Goal of the exercise:
From the data that follows, set down exactly the lines from the one with "Compisição Sobre Fundo" through the one with "Proche tram 153", counting both. Pictures stay out.

Records shown:
╔══
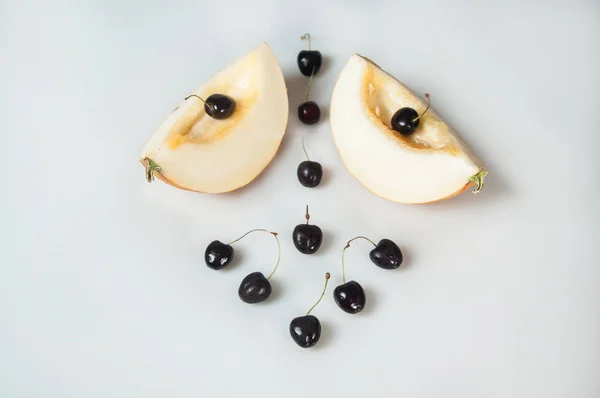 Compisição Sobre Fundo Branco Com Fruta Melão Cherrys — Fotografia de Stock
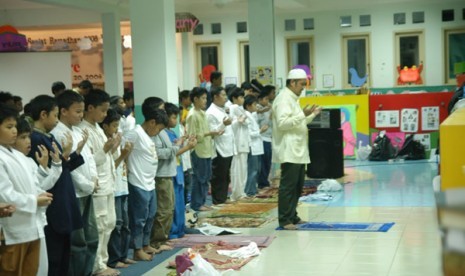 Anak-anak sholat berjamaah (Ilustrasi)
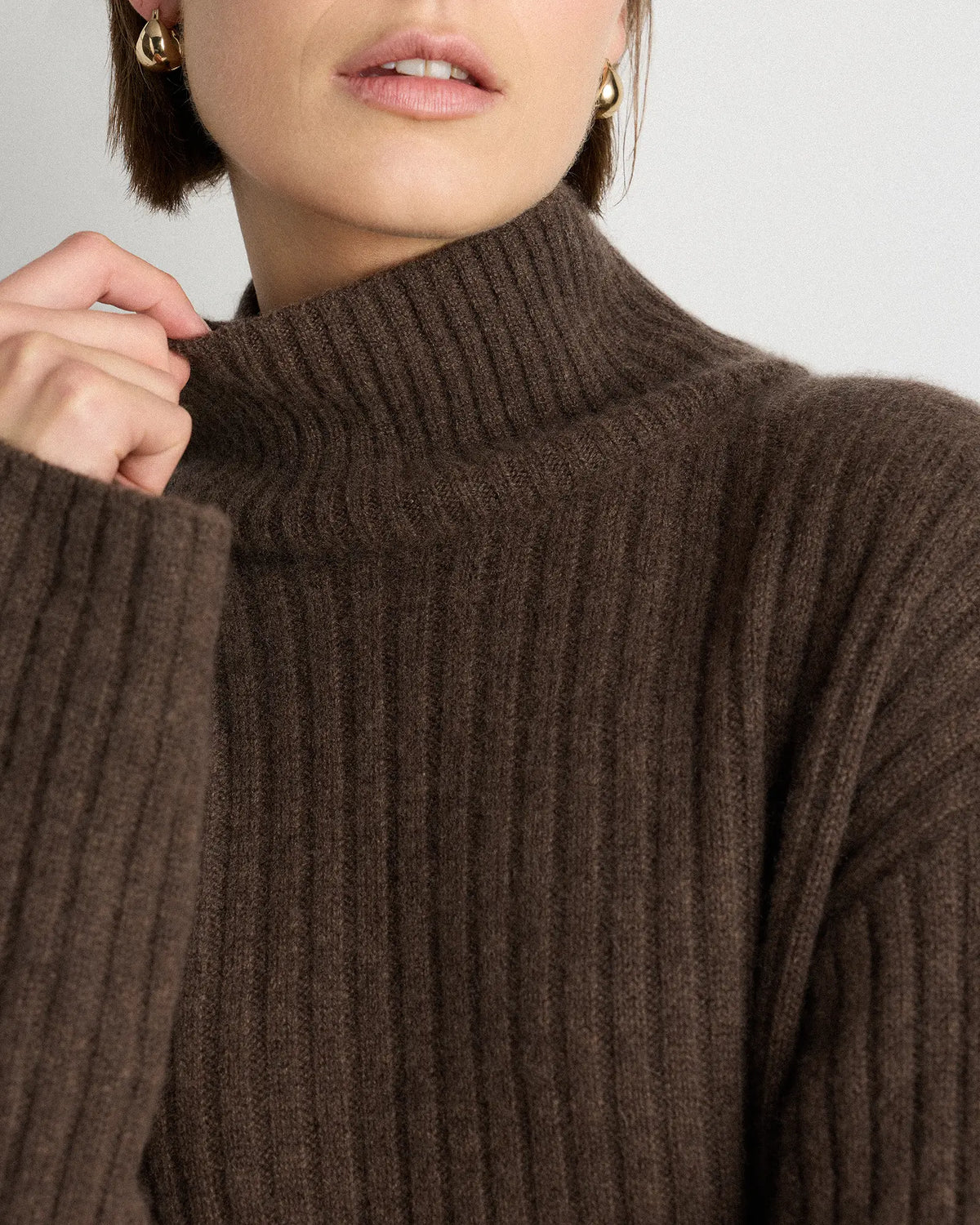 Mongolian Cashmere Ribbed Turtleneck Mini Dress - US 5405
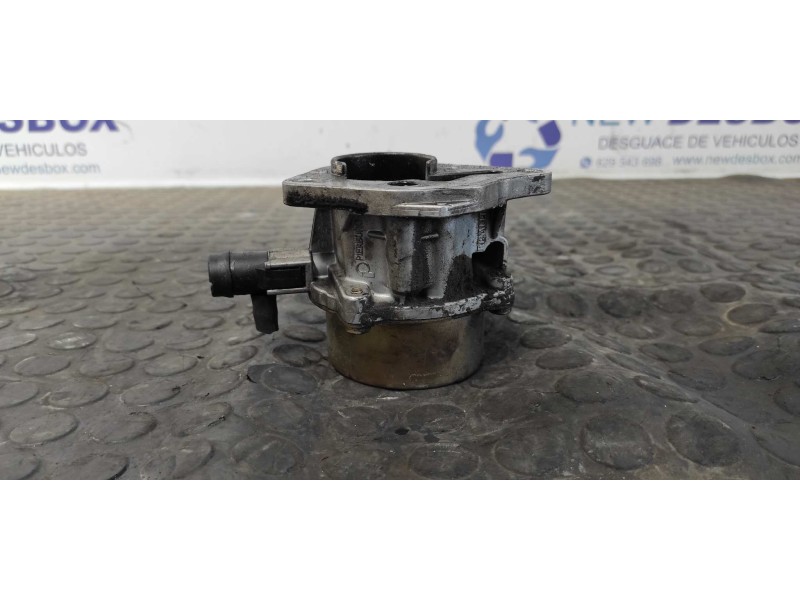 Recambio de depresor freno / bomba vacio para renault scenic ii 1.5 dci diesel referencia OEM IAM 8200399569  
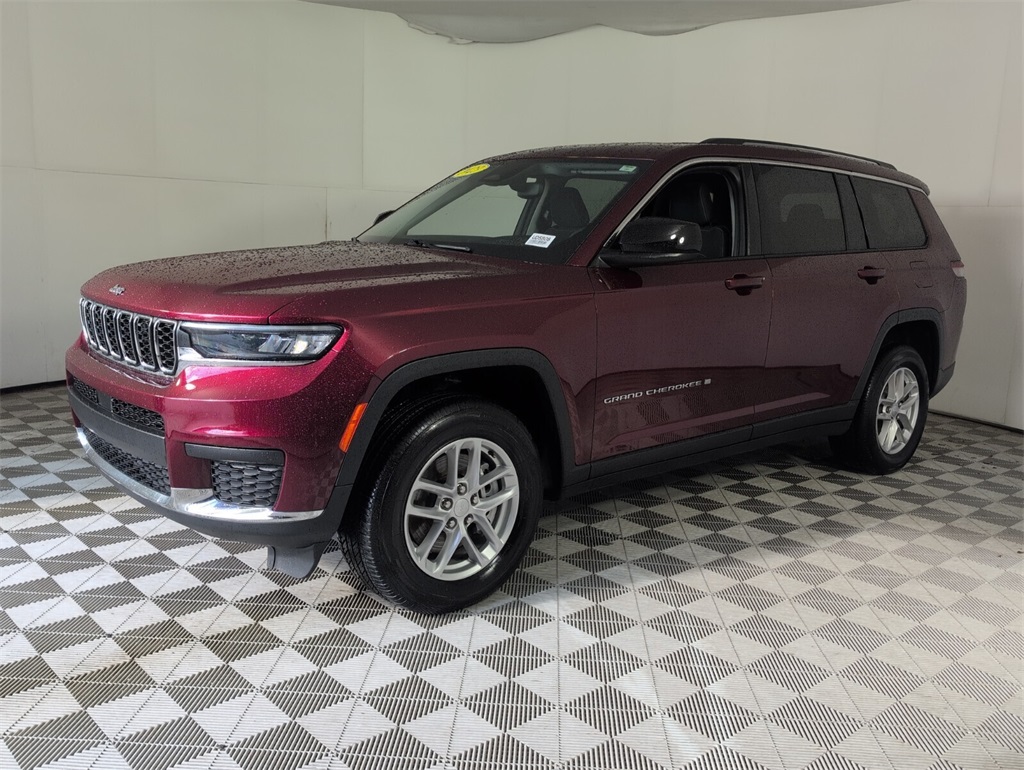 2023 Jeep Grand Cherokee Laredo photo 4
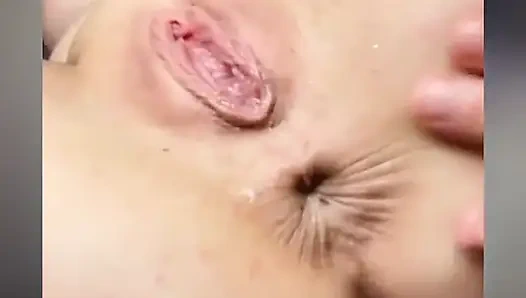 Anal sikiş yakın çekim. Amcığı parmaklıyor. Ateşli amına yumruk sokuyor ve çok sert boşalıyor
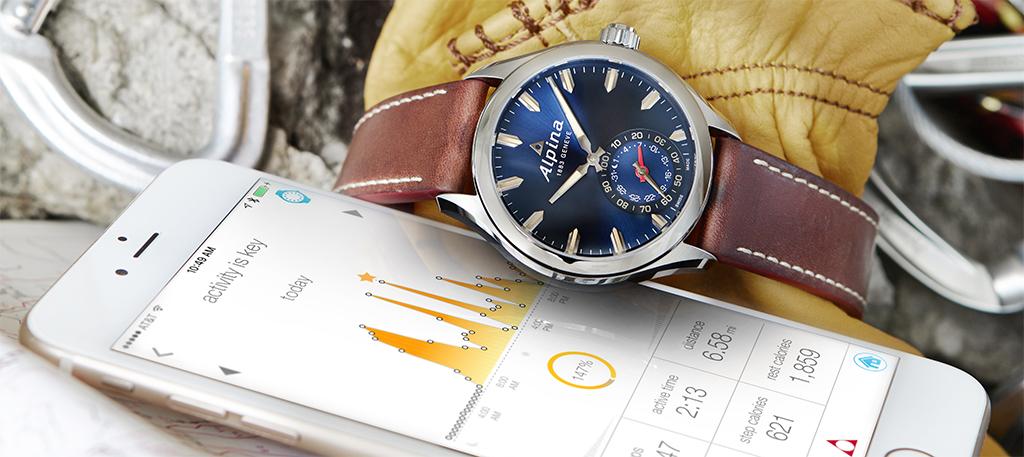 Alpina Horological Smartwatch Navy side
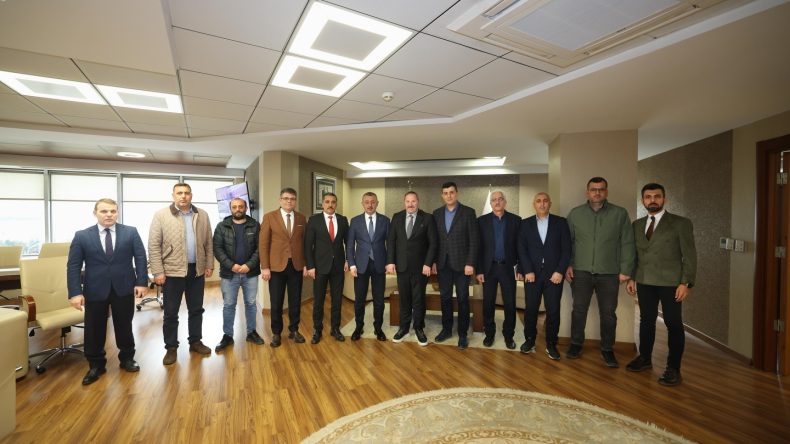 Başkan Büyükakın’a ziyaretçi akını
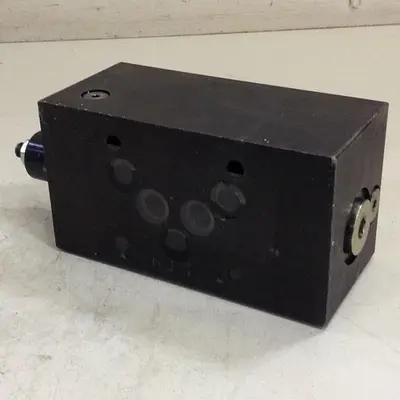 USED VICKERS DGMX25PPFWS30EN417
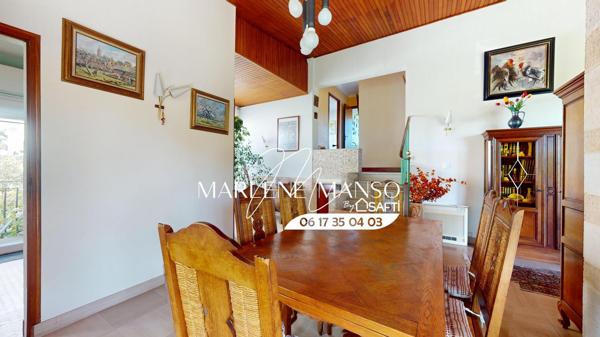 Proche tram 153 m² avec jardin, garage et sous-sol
╚══
╔══
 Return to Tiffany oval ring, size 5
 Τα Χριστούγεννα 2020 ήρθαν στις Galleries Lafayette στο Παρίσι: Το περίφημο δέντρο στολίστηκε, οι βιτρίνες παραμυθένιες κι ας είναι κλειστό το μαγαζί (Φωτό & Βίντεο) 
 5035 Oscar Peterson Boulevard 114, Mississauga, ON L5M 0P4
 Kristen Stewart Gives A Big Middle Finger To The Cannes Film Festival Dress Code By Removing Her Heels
╚══
Exercise output:
 Compisição Sobre Fundo Branco Com Fruta Melão Cherrys — Fotografia de Stock
 Anak-anak sholat berjamaah (Ilustrasi)
 Mongolian Cashmere Ribbed Turtleneck Mini Dress - US 5405
 Recambio de depresor freno / bomba vacio para renault scenic ii 1.5 dci diesel referencia OEM IAM 8200399569  
 2023 Jeep Grand Cherokee Laredo photo 4
 Anal sikiş yakın çekim. Amcığı parmaklıyor. Ateşli amına yumruk sokuyor ve çok sert boşalıyor
 Alpina Horological Smartwatch Navy side
 Başkan Büyükakın’a ziyaretçi akını
 USED VICKERS DGMX25PPFWS30EN417
 Proche tram 153 m² avec jardin, garage et sous-sol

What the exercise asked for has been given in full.